Most people don't mention "Iceland" as their top number one holiday destination. However I'm a bit strange and decided to go to just this place on holiday this year. After some investigations it seemed that the best time of year was somewhere around the end of July regarding temparature, however you never know certain about what to expect. That means packing all types of clothes... summer clothes, but also a thick winter jacket, skiing clothes and rain clothes. Of course, depending on what you are going to do exactly. I wanted to see all possible types of terrain on iceland, which includes nice warm lagoons (swim wear) and glacier (warm clothes is a good idea there). Flights to Iceland are not very cheap either, but then again, nor is anything else cheap on Iceland. (Yes, the alcohol tax is even higher than in Norway). After a bit of investigation in the different points-of-interest on Iceland with the help of some locals (thanks Helgi and Bjori!) and the Lonely Planet I headed to Iceland with a friend on July 6th.

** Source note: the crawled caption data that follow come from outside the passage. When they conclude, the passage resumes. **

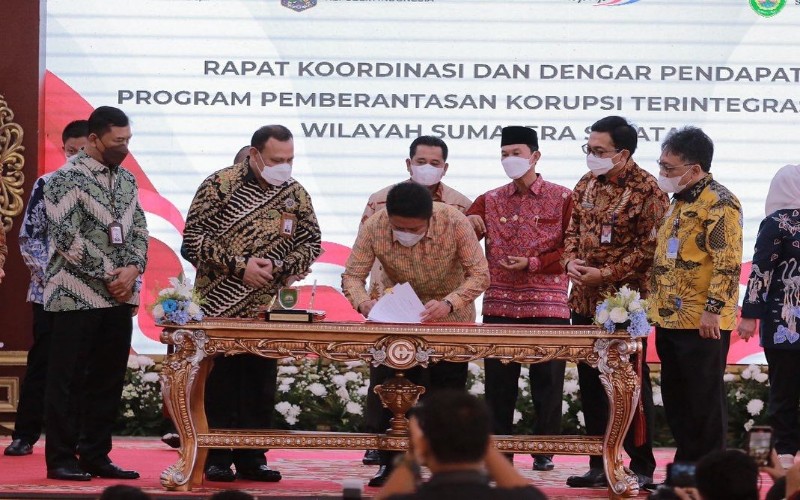 Budaya Korupsi Harus Ditinggalkan, Wako Palembang: Bikin Rusak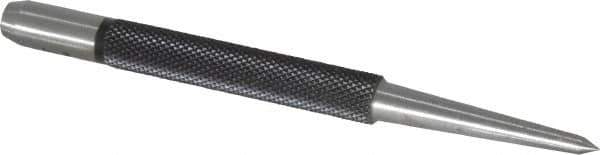 Starrett - 1/8" Prick Punch - 4" OAL - Industrial Tool & Supply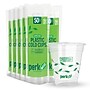 Perk™ Eco Compostable Plastic Cold Cup, 12 Oz., Clear/Green, 300/Carton (PK56195)~#|#~1417A6C4-4F19-4ACB-B09F0E0683C90269_sc7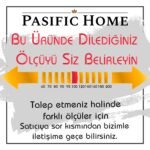 Pasific Home Huga Sürgülü 2 Kapaklı Aynalı Gardırop, Meşe, 150 cm - Görsel 6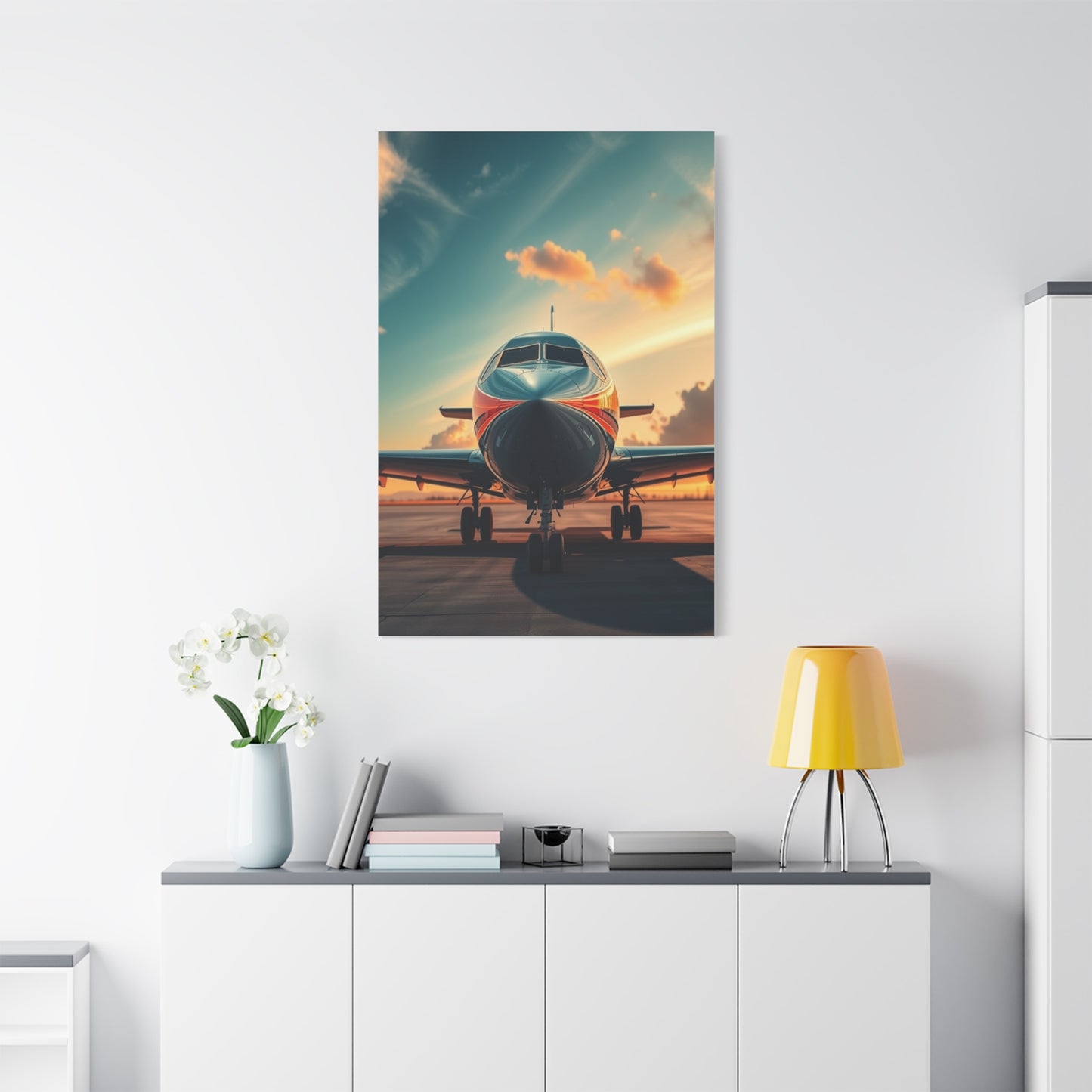 Elite Airplane Art Vision Wall Art & Canvas Print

After getting to Keflavik airport way to late at night we managed to find our way to the guesthouse just to find that I fluked the reservation and they they expected us to arrive the next day. That meant that we had to sleep in "sleeping bag accomodations" which was not so confortable but I really didn't care after this overly long trip. A guesthouse is normally just a small step down from a hotel usually without people cleaning up your room every day. It does however provide a good and somewhat cheaper place to stay at.
The next day we toured around Reykjavik and the Reykjanes peninsula a bit and basically just waited until our room at the guest house was ready. After a well needed shower to get rid of all the smells we met up with a local and headed for a relaxing bath in the Blue Lagoon, the most famous (but definitely not the only) geothermal pool in Iceland. Helgi suggested to have dinner at ... and so we went there for a good meal. The best meat in Iceland is sheep or lamb and you figure out why once you start out driving in the country side... the only animal that you'd find there is sheep... and you find them literally everywhere - both off the road and on the roads.
Iceland begun quite some time ago with the first parliament ever in
930. The parliament was build on a site called Þingvellír which is now part of a national park. Besides the site of the former parliament the general landscape is also quite interesting as well as there is a massive lava ridge cutting across the landscape there as well as some water filled gorges and (ofcourse) a waterfall. From Þingvellír we avoided the ring road on the way back to Reykjavik and instead took some road closer to the south of the country. Little did we know as suddendly the road turned into a gravel road which we had to follow for the next, say, 50 kilometers. The road did however pass an interesting site with lots of water coming up from the ground in bright coloured mud pools.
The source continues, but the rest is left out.